Even meat eaters will want a piece of these impressive, high-fiber veggies. The Dijon mustard concentrates in flavor as it roasts, resulting in a powerful punch of umami. Prep and brush your cauliflower ahead of time, then let them sit at room temperature until you’re ready to cook.
Level: | Easy |
Total: | 1 hr 15 min |
Active: | 10 min |
Yield: | 4 servings |
Ingredients
- 2 large heads cauliflower
- 1 clove garlic, halved
- 1/4 cup olive oil
- 4 tablespoons Dijon mustard
- Kosher salt and freshly ground black pepper
- 1/2 cup fresh parsley leaves, roughly chopped
- 1/4 cup grated Parmesan
- Lemon wedges, for serving
Instructions
- Position an oven rack in the bottom of the oven and preheat to 450 degrees F. Line a baking sheet with foil.
- Remove the leaves from the cauliflower, then trim the stem flush with the bottom of the head so the cauliflower sits flat on the prepared baking sheet. Rub the outside of each head with the cut garlic.
- Whisk together the oil, 3 tablespoons mustard, 1/2 teaspoon salt and a few grinds of black pepper in a small bowl.
- Put the cauliflower on the prepared baking sheet and brush the entire outside and inside with the mustard-oil mixture. Roast the cauliflower until nicely charred and tender (a long skewer inserted in the center of the cauliflower should pass through easily), 50 minutes to 1 hour. Let rest for a few minutes.
- Meanwhile, combine the parsley and Parmesan in a small bowl. Brush the outside of the roasted cauliflower heads all over with the remaining 1 tablespoon mustard and generously sprinkle with the Parmesan mixture.
- Cut the cauliflower into thick wedges and serve on plates with a sprinkle of salt, lemon wedges and any extra Parmesan mixture.
Nutrition Facts
Serving Size | 1 of 4 servings |
Calories | 278 |
Total Fat | 18 g |
Saturated Fat | 4 g |
Carbohydrates | 24 g |
Dietary Fiber | 10 g |
Sugar | 8 g |
Protein | 12 g |
Cholesterol | 6 mg |
Sodium | 1092 mg |
Reviews
I really enjoyed the cauliflower roasted this way. I will cut into florets and add garlic to dressing next time. The amount of dressing was good for one head of cauliflower. Tangy & yummy!! Love the color.

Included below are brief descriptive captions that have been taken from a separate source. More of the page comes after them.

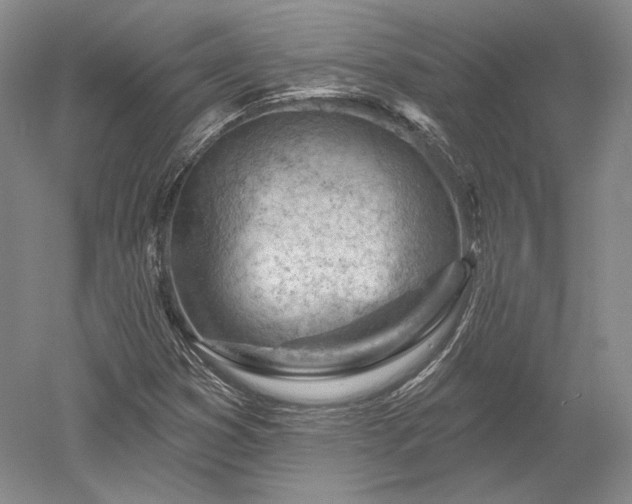 X0000052641353200507081955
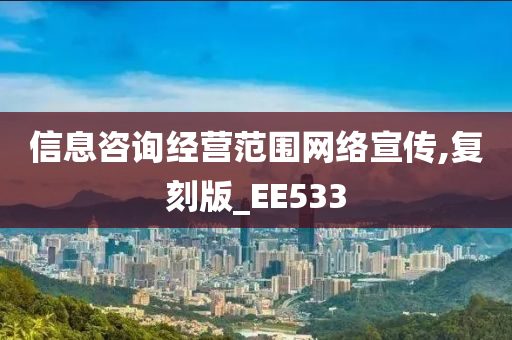 信息咨询经营范围网络宣传,复刻版_EE533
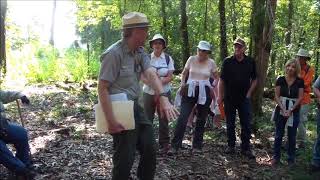 Scribner and Walthall Fight at Winfrey Field Chickamauga Jim Ogden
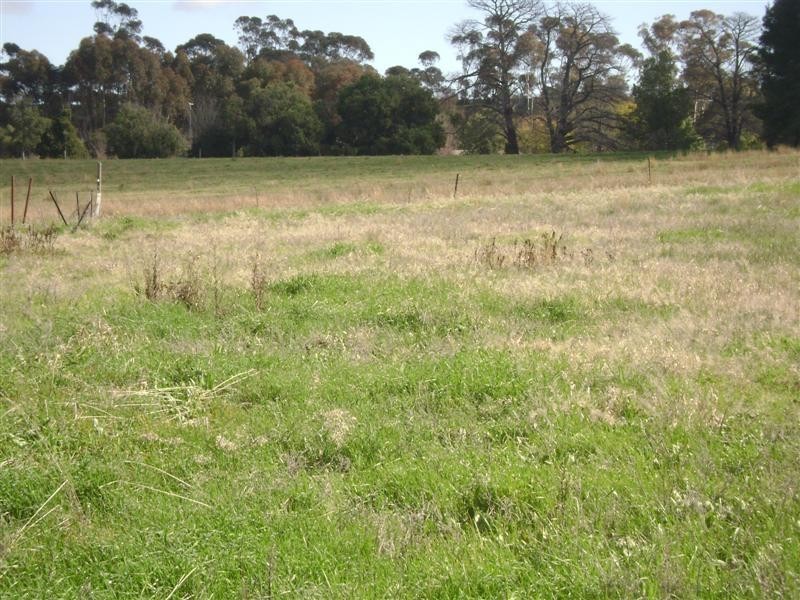 Lot 12 Wirrimah Road, Bendick Murrell NSW 2803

What a wonderful dish! So easy to prepare. I followed another reader’s suggestion and mixed the the cauliflower in a large Ziploc bag. Added the extra mustard, parsley, and grated parmesan during the last 5 minutes in the oven. Fantastic!
This recipe was so easy and so delicious. My husband and I almost ate the whole thing. Can’t wait to make it for guests.
Delicious. Great way to make cauliflower
After making this recipe a few times, I have hit on the best way, for me, to make it. I break the cauliflower into medium to large chunks, mix up the marinade in a gallon ziploc bag, add the cauliflower, and shake it all up, until the cauliflower is completely coated. I then spread it out on a baking sheet and roast. I start checking it at 20 minutes, as I have a convection oven, but it’s usually done by 30 minutes. I then baste all of the pieces with the extra mustard, and then sprinkle with mozzarella (my husband isn’t a big fan of parmesan), and parsley. This is definitely one of our favorite sides!
We really enjoyed the flavors that the mustard and parmesan imparted. So much, so that next time I will cut the cauliflower into large steaks and brush it on those. My only complaint was that the the interior had no flavor and cutting into slices should fix that problem.
This was delicious! Cut into four wedges and served as a side dish. Even better with lemon juice squeezed on top.
I love this! I’m going to remember this reciepe: ●whole heads cauliflower
●parsley € chopped
●tymne € chopped
●parmesan cheese 1/2cup
●dijon mustard 3 tbls
●big salt**********Going to make it
often!!!♡♡♡♡♡♡
●parsley € chopped
●tymne € chopped
●parmesan cheese 1/2cup
●dijon mustard 3 tbls
●big salt**********Going to make it
often!!!♡♡♡♡♡♡
●grownd pepper
●crushed red pepper flakes
Very tasty!!
I love this recipe but couldn’t cook it at 450. I cooked at 375 for an hour and 15 minutes. And I also made a paste with the mustard, Parmesan cheese, and the parsley it added more flavor.